(Data for analysis Opens)

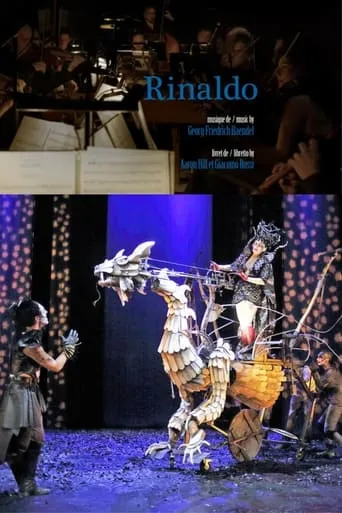 Georg-Friedrich Handel: Rinaldo movie poster - Entertainment content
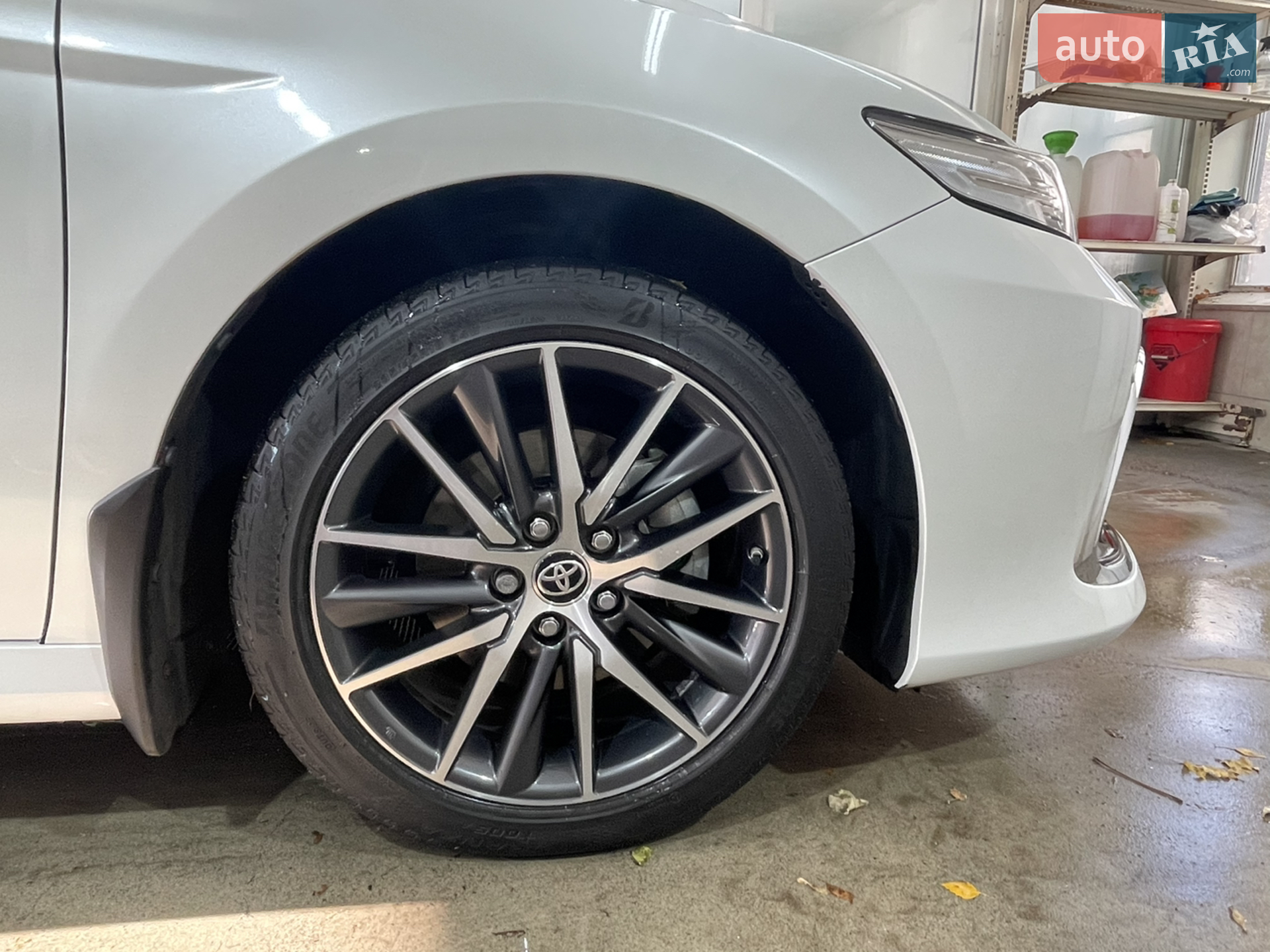 2021 Toyota Camry - мініатюра 18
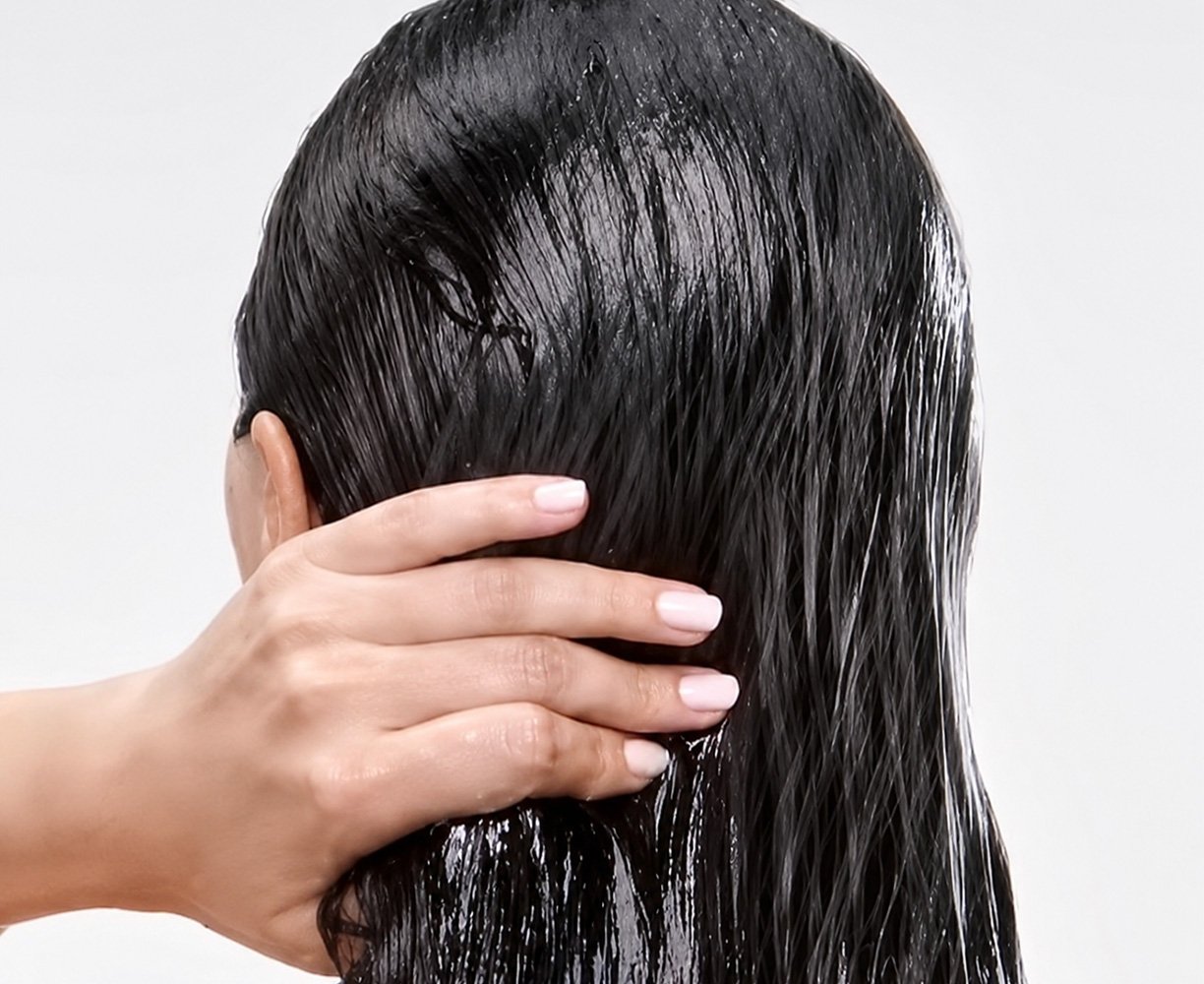 Rinse and treat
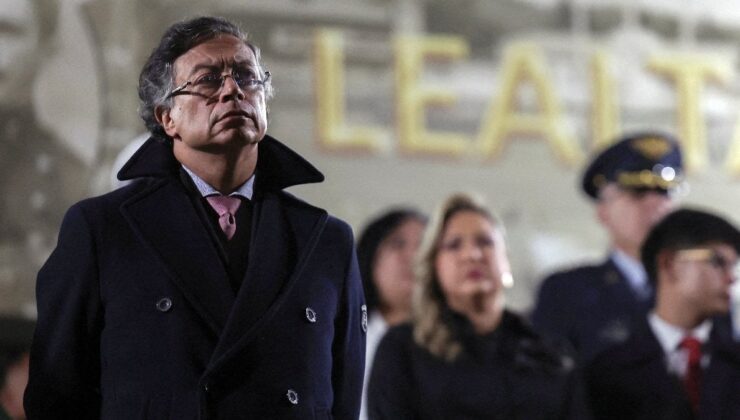 Kolombiya Cumhurbaşkanı Petro, Trump ile görüşmesi hakkında konuştu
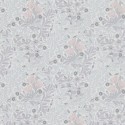 Papeldecor|Wallpaper floral romantic|Wallpaper
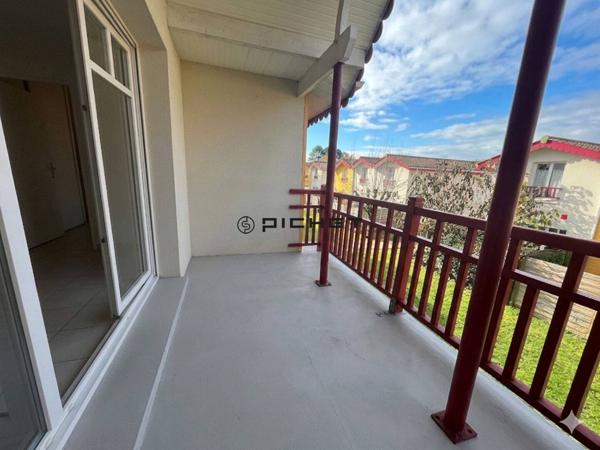 Appartement 2 pièces 38 m² GUJAN MESTRAS - 33470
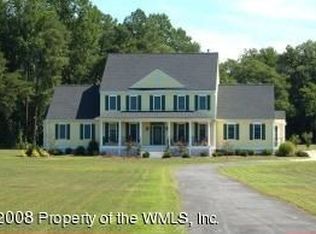 3006 Forge Rd, Toano, VA 23168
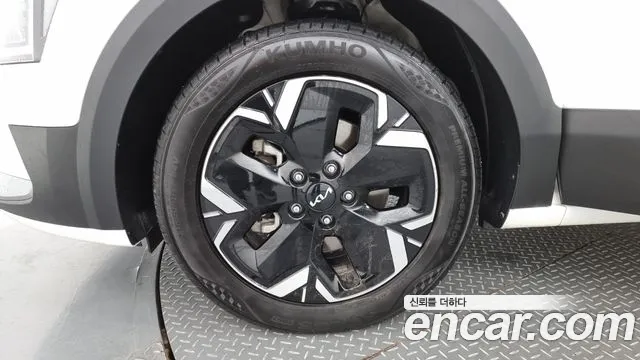 Kia Di All New Niro EV id 2816835 из Кореи 15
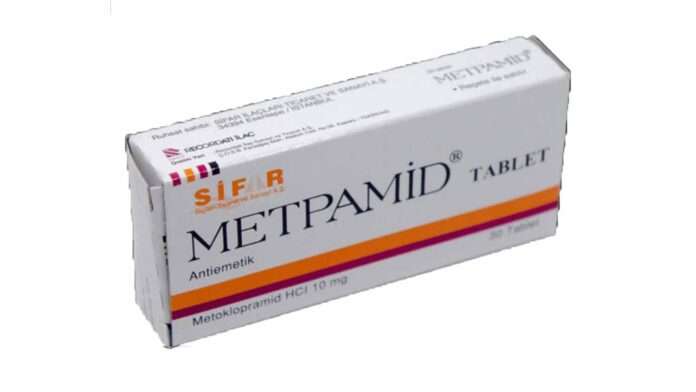 Metpamid Nedir, Ne İlacı? Metmapid Şurup ve Tablet Yan Etkileri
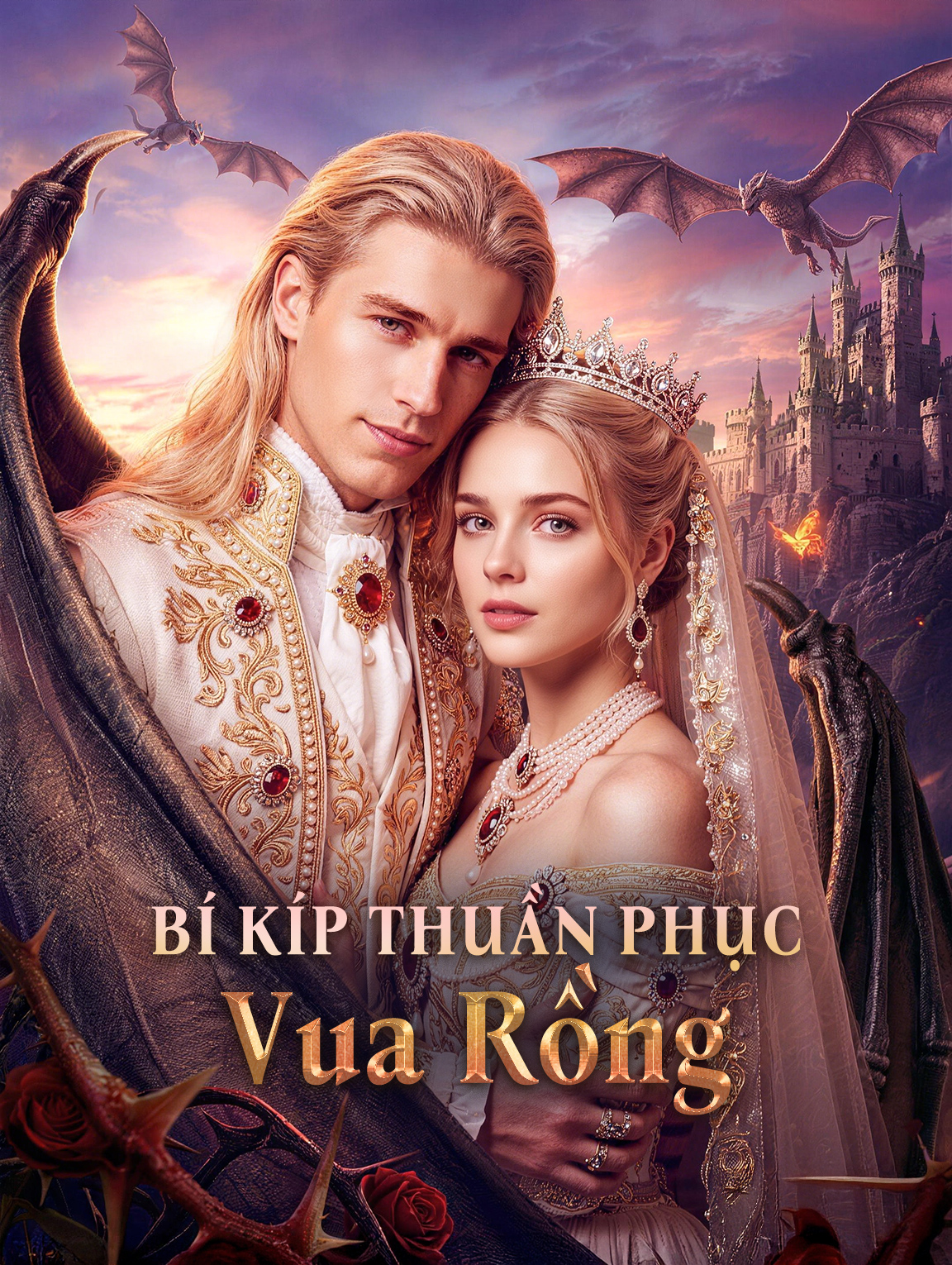Bí Kíp Thuần Phục Vua Rồng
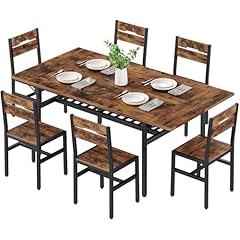 Ralgend piece dining for sale  Delivered anywhere in USA 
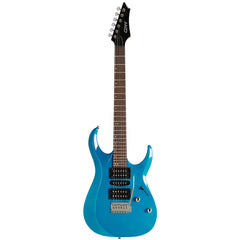 Cort X200 Electric Guitar with Double Locking Tremolo & Powersound Pickups – Taal Musicals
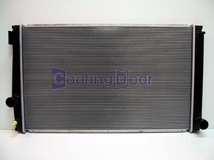 CoolingDoor【88460-42100・16400-28560】RAV4 コンデンサー＆ラジエター★ACA31W・ACA36Ｗ★CVT★新品★大特価★18ヶ月保証★_画像2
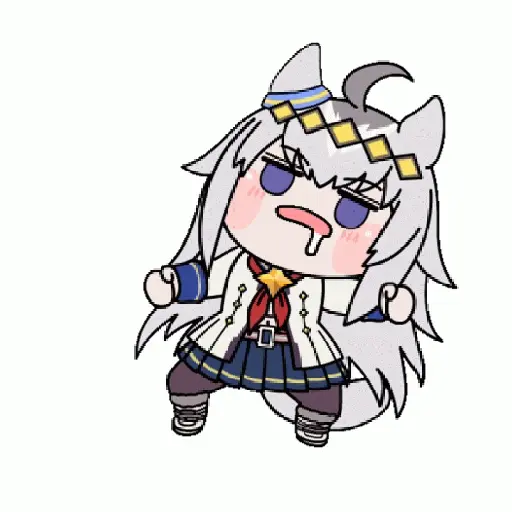 Uma musume animated 2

(Data for analysis Closes)

Exactly the lines from the one containing "Kia Di All New" through the last line of the material above, both included and free of pictures, should make up your answer, please.

■ **Answer to this exercise**:
 Kia Di All New Niro EV id 2816835 из Кореи 15
 Metpamid Nedir, Ne İlacı? Metmapid Şurup ve Tablet Yan Etkileri
Bí Kíp Thuần Phục Vua Rồng
 Ralgend piece dining for sale  Delivered anywhere in USA 
 Cort X200 Electric Guitar with Double Locking Tremolo & Powersound Pickups – Taal Musicals
 CoolingDoor【88460-42100・16400-28560】RAV4 コンデンサー＆ラジエター★ACA31W・ACA36Ｗ★CVT★新品★大特価★18ヶ月保証★_画像2
 Uma musume animated 2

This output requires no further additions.